Can the flow rate of the Eheim 2213 be adjusted downward? I'd like to use it on my 10 gal. planted tank. I'd also like to run an in line heater, UV sterilizer, and CO2 reactor. Is this possible with this filter and, if so, how difficult would it be to plumb?

Thanks, Kim


----------



## spdskr (Apr 24, 2006)

If the filter is equipped with double disconnect valves, simply adjust the ones on the INTAKE side for less flow. You should be able to plumb inline heater, etc. on the the outlet side of the filter.


----------



## mott (Aug 6, 2006)

^^^I read on many forums that the OUTPUT should only be adjusted. Makes less strain on the impeller.


----------



## riverrat (Sep 6, 2005)

For what its worth here is my input.

Best bang for buck? By the biggest filter you can. 

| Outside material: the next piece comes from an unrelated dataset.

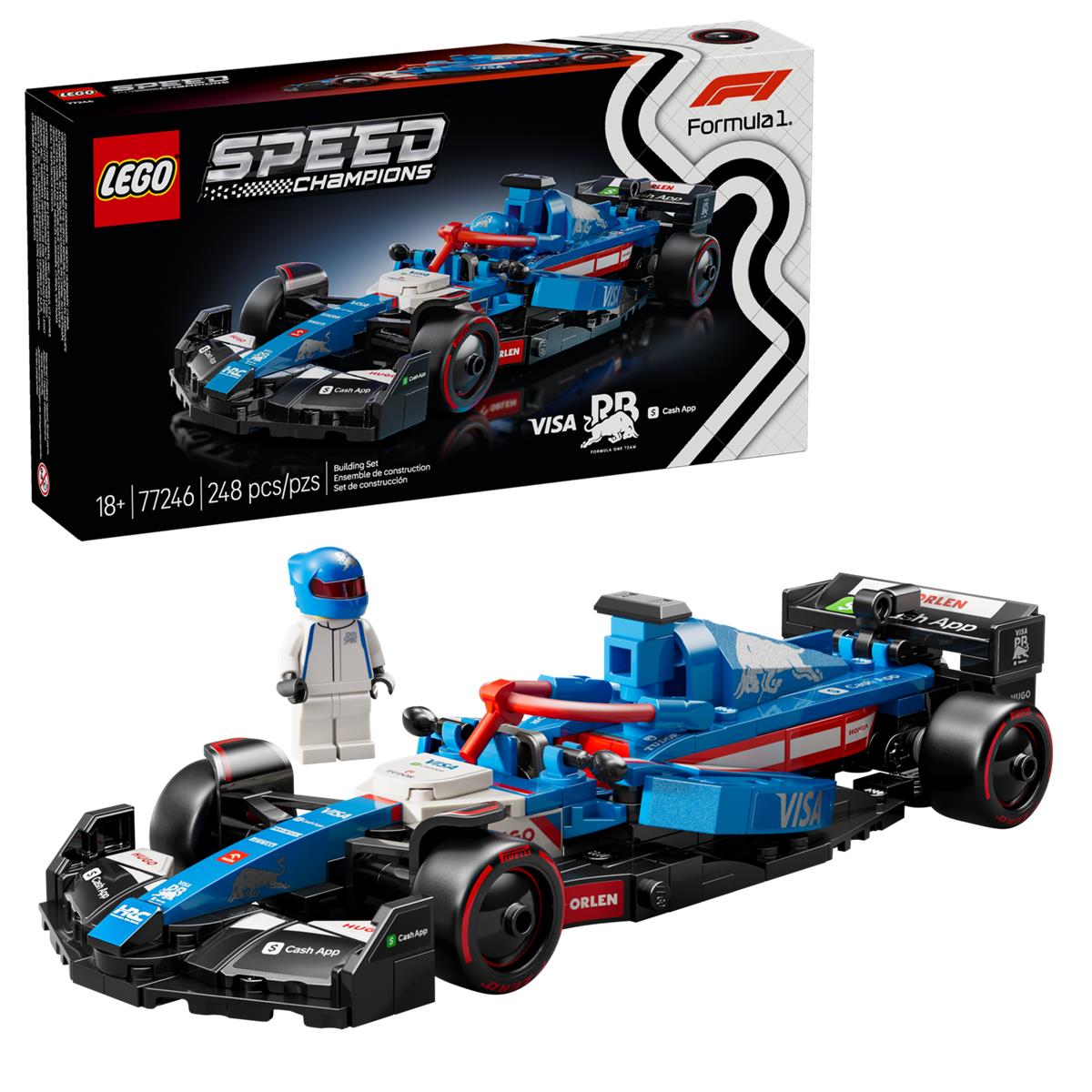 LEGO 77246 AUTO DA CORSA F1® VISA CASH APP RB VCARB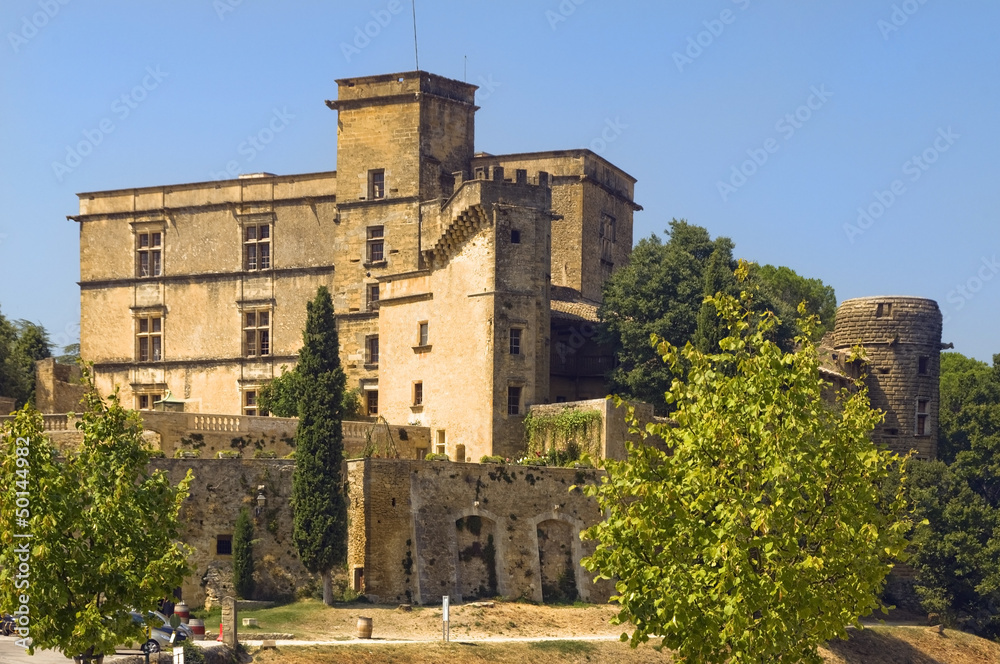 Lourmarin Castle ( chateau de lourmarin ), Provence, France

I can not comment on filstars. I have never owned one but a lot of people like them. Eheims......I have owned a few including classics. If you want to filter a 29 gallon you can do it with a 2213 but if you have the extra money buy the 2215 or even the 2217. They will all work on the 29 but not all of them will work on the next tank you buy which will most likely be bigger. The classics are wonderful filters. Simple to use and dead quite. Did I say dead quite. You will have to put your ear against the filter or feel it with you hand to make sure it is running.


Can you use a 2213 on a ten gallon?

You sure can and you will not even have to throttle it back. Do this by not using the spray bar and placing the return over the rim more like a lilly pipe return.


Can you throttle back a Eheim Classic?

Yes by using one of the disconnect valves. Which one is VERY IMPORTANT.....adjust the filter output side only!!!!!! The side that puts water from the filter back into the tank.

If you adjust the other side (siphon side from tank to filter) your will deprive your filter of water running it dry and burning it up.



You can adjust the flow on your cannister filters by cutting down the spray bar, drilling spray bar holes bigger..... not using the spray bar as I said above and simply fashioning a return similar to a lily pipe. I think a lot of people overlook these options many times wanting to quickly jump to turning the valve on the filter Output side down. Experiment and find what will work for you. I suggest if you get an Eheim by and extra spray bar for it so you have a spare to play with. Only an extra 5 or 7 bucks i think.


Good Luck in your choices!


Dave


----------



## Felf808 (Mar 21, 2006)

I have an XP1 but then I got an eheim 2222 to replace the XP1...Then a 2224 and a 2213 for my other tanks. Eheim is the best bang for your buck but Rena comes in second however I've been hearing that the new fluvals are good too. And unlike what someone else said...Only adjust the output of the filter or else you will be sorry in more ways than one.


----------